> **EXERCISE BRIEF**:
An exact copy is required of every line from the one with "If You Think" through the end of the data below, and the pictures must stay out of it.

(Brief descriptive captions)
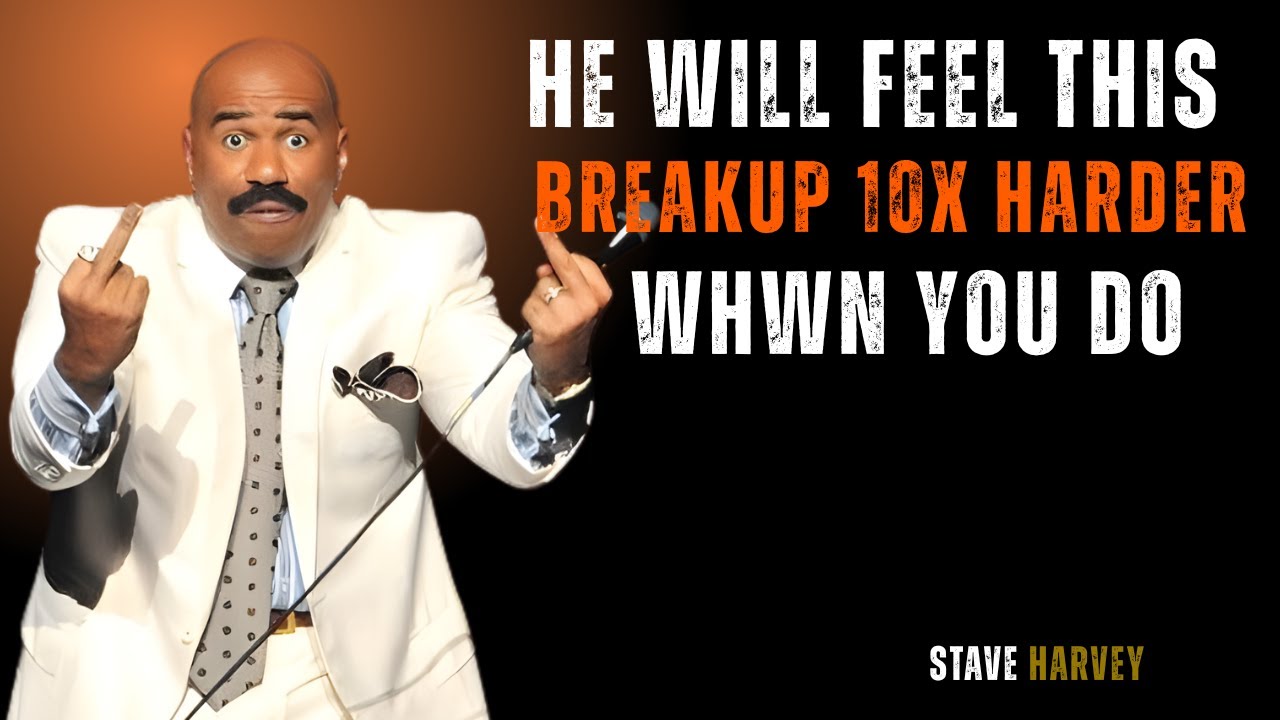 He Will Feel This Breakup 10X Harder 💔🔥 | Steve Harvey Motivation| Steve Mindest Q |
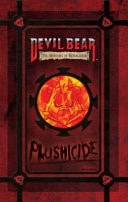 Devilbear Plushicide: the Grimoires of Bearalzebub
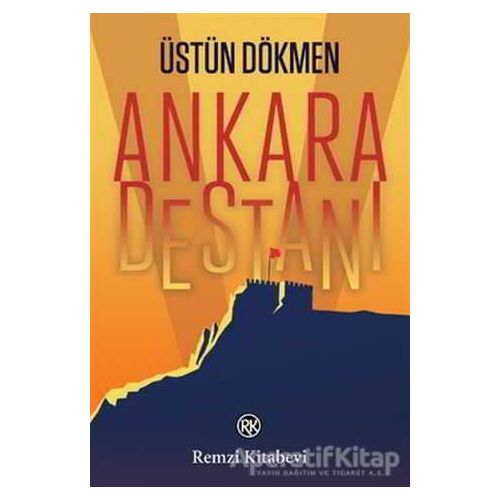 Ankara Destanı - Üstün Dökmen - Remzi Kitabevi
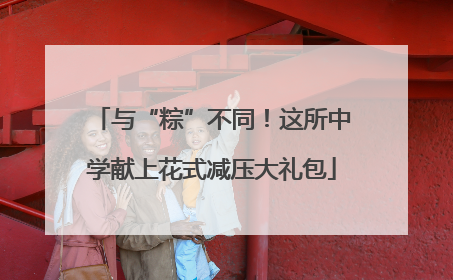 与“粽”不同！这所中学献上花式减压大礼包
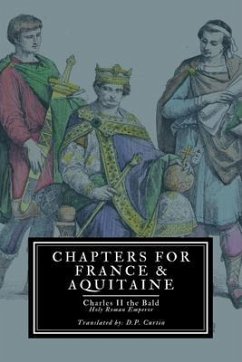 Chapters for France and Aquitaine (eBook, ePUB) - Charles II the Bald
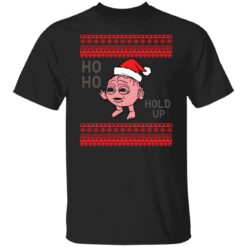 Ho ho hold up Christmas sweater $19.95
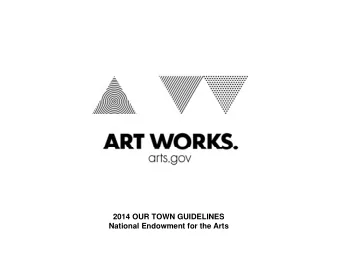 Rocco Landesman, Chairman  2014 OUR TOWN GUIDELINES  2014 OUR TOWN GUIDELINES  National Endowment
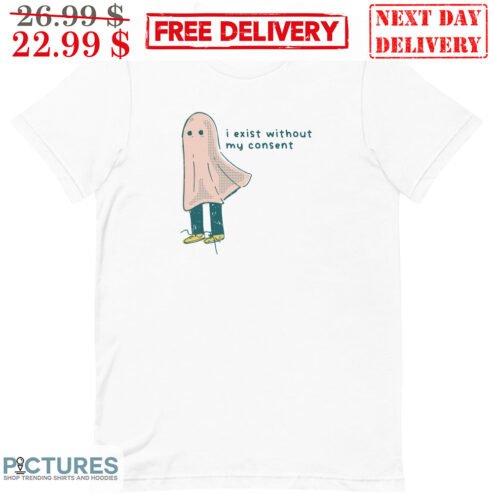 Ghost I Exist Without My Consent Shirt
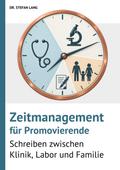 Zeitmanagement für Promovierende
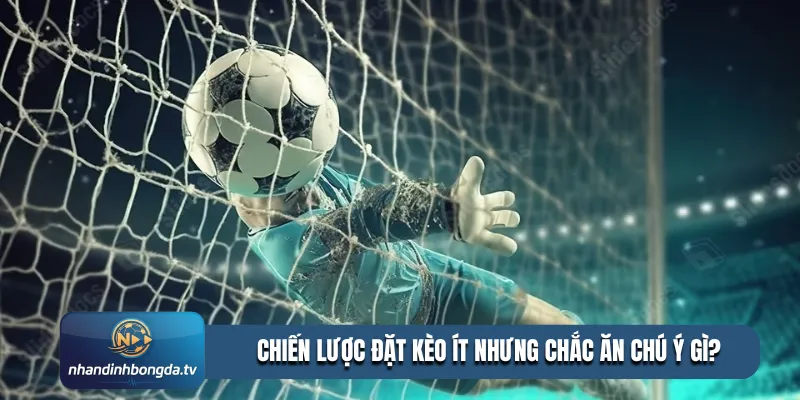 Chiến lược đặt kèo ít nhưng chắc ăn chú ý gì?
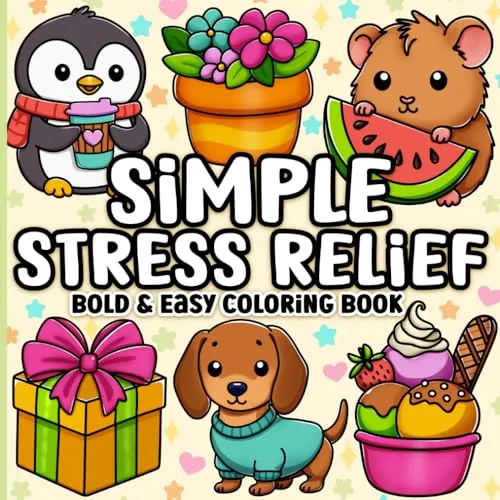 Bold and Easy Coloring Book: Simple Stress Relief Large Print Designs for Adults, Seniors & Beginners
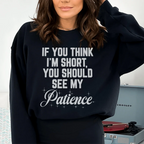 If You Think I'm Short Sweatshirt Peachy Sunday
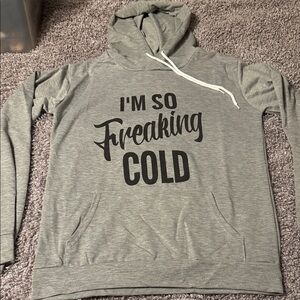 Gray Hoodie with Black Print - “I’m So Freaking Cold”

> **TASK ANSWER**:
 If You Think I'm Short Sweatshirt Peachy Sunday
 Gray Hoodie with Black Print - “I’m So Freaking Cold”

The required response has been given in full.